Problem description - All lines below must be repeated exactly, with the pictures omitted.

(Given information begins)

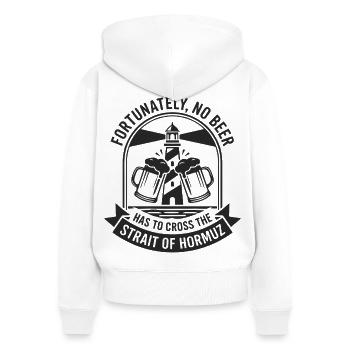 Heureusement, pas d’humour à la bière à la manière d’Hormuz - Sweat à capuche zippé Premium bio Femme - blanc - Dos - AI Model Female 172 light (172cm)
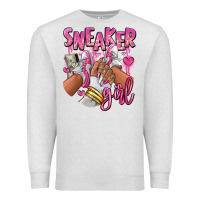 Oatmeal Heather Pink and white sneaker girl Premium Sweatshirt - RanaPortraitStore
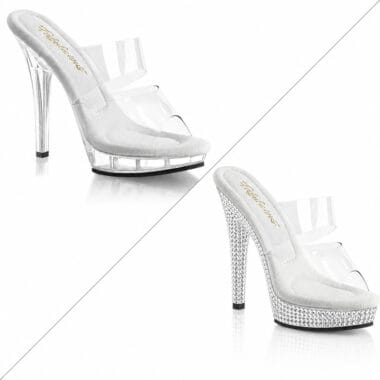 Fabulicious LIP102/C/M Clear & Decorated Platform Mule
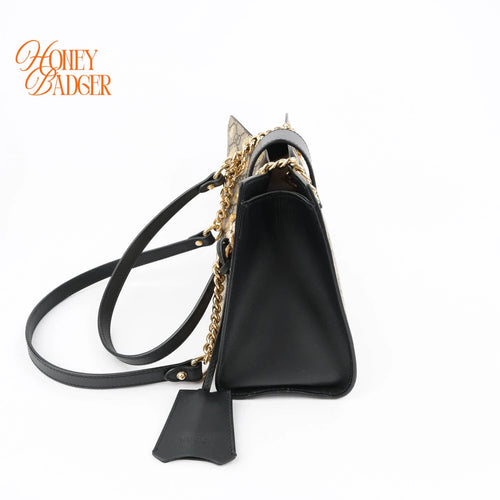 Gucci Padlock Small Tote GG Supreme Bee Print Beige Black Rank A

(Given information ends)

Solution to the exercise -
 Heureusement, pas d’humour à la bière à la manière d’Hormuz - Sweat à capuche zippé Premium bio Femme - blanc - Dos - AI Model Female 172 light (172cm)
 Oatmeal Heather Pink and white sneaker girl Premium Sweatshirt - RanaPortraitStore
 Fabulicious LIP102/C/M Clear & Decorated Platform Mule
 Gucci Padlock Small Tote GG Supreme Bee Print Beige Black Rank A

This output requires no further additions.